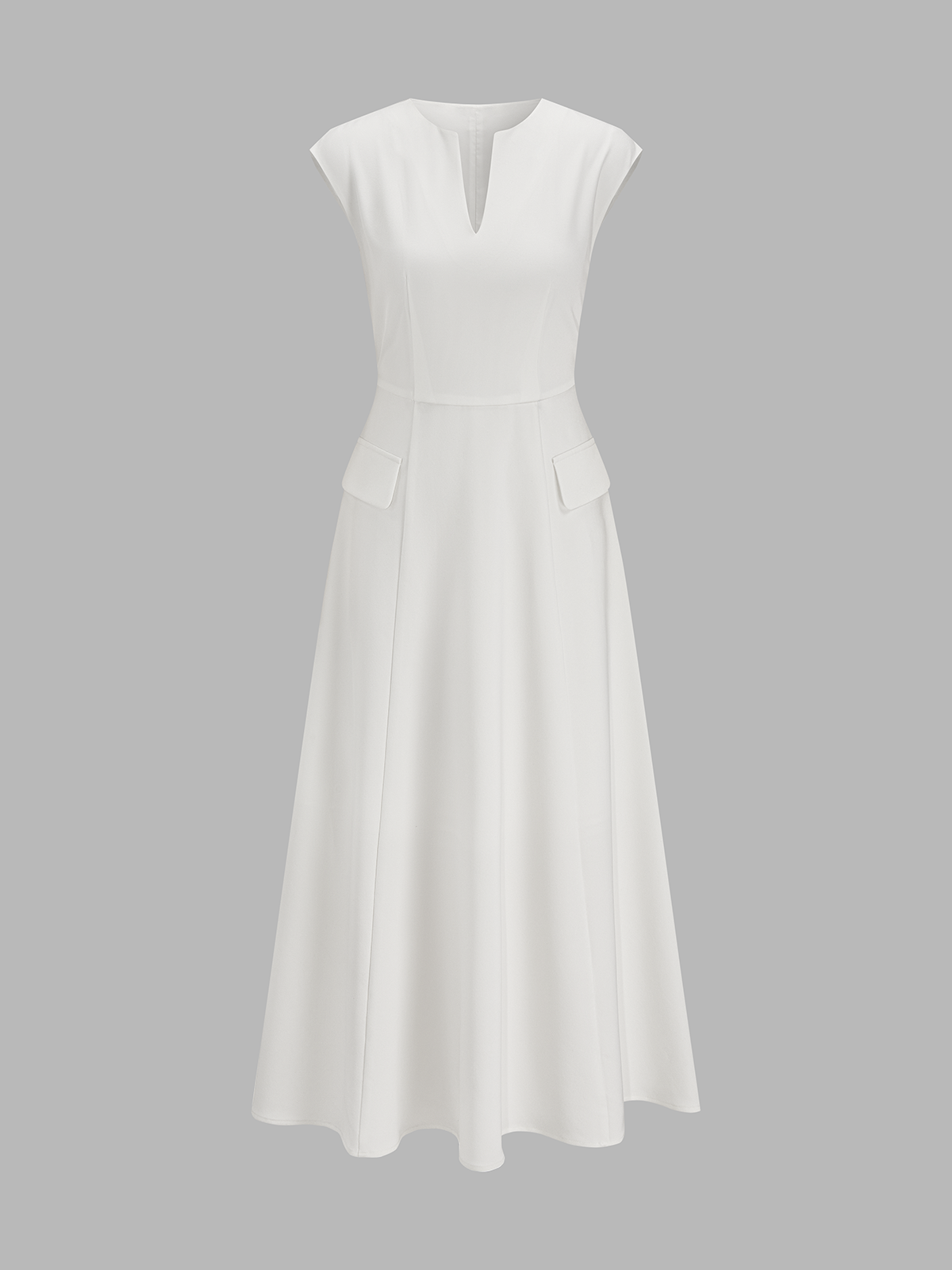 Robe midi à col en V et manches courtes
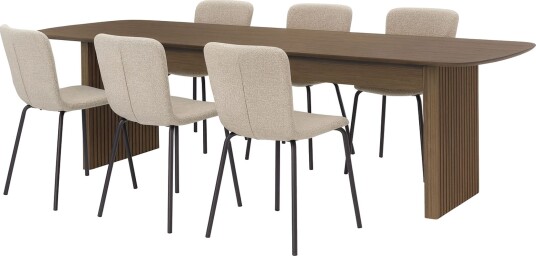 Richeto spisebord 210 cm med 6 Katy spisestoler - Røkt eik / Greige bouclé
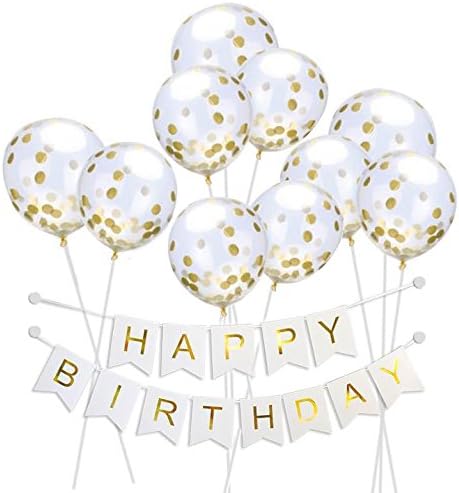 Willaire Happy Birthday Banner &amp;10 Pieces Gold Confetti Balloons Party Balloons With Golden Paper Confetti Dots For Birthday Party Decorations Wedding Decorations And Proposal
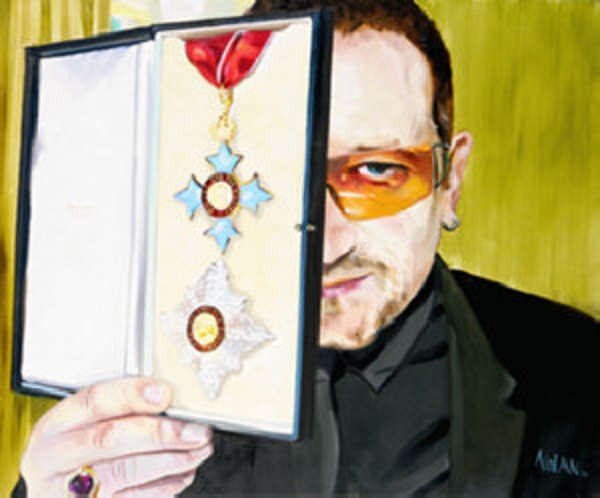 David Nolan (b.1966) Sir Bono Oil on canvas, 101 x..., Fine Irish Art at Adams Auctioneers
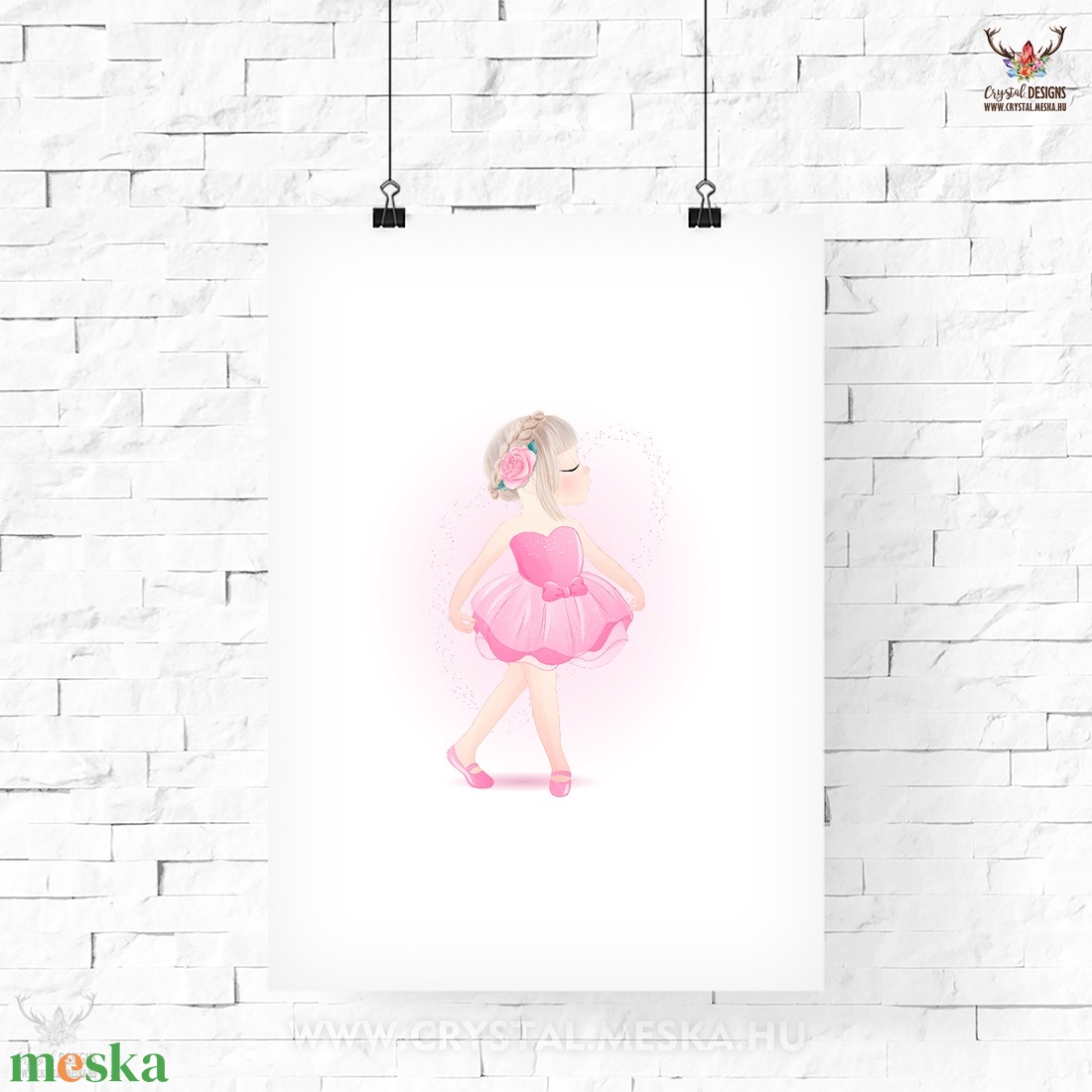 Balerina Digitális Poszter, gyerekszoba dekoráció, lány szoba digitális kép, nyomtatható PDF, JPEG - művészet - grafika & illusztráció - digitális - Meska.hu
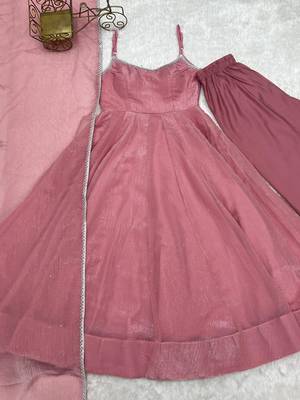 Dusty pink color crunchy silk siroski work gown PANT  dupatta set full stitched. 5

——————

Would you retype every line shown above exactly, leaving the pictures aside?

 Robe midi à col en V et manches courtes
 Richeto spisebord 210 cm med 6 Katy spisestoler - Røkt eik / Greige bouclé
 Willaire Happy Birthday Banner &amp;10 Pieces Gold Confetti Balloons Party Balloons With Golden Paper Confetti Dots For Birthday Party Decorations Wedding Decorations And Proposal
 David Nolan (b.1966) Sir Bono Oil on canvas, 101 x..., Fine Irish Art at Adams Auctioneers
 Balerina Digitális Poszter, gyerekszoba dekoráció, lány szoba digitális kép, nyomtatható PDF, JPEG - művészet - grafika & illusztráció - digitális - Meska.hu
 Dusty pink color crunchy silk siroski work gown PANT  dupatta set full stitched. 5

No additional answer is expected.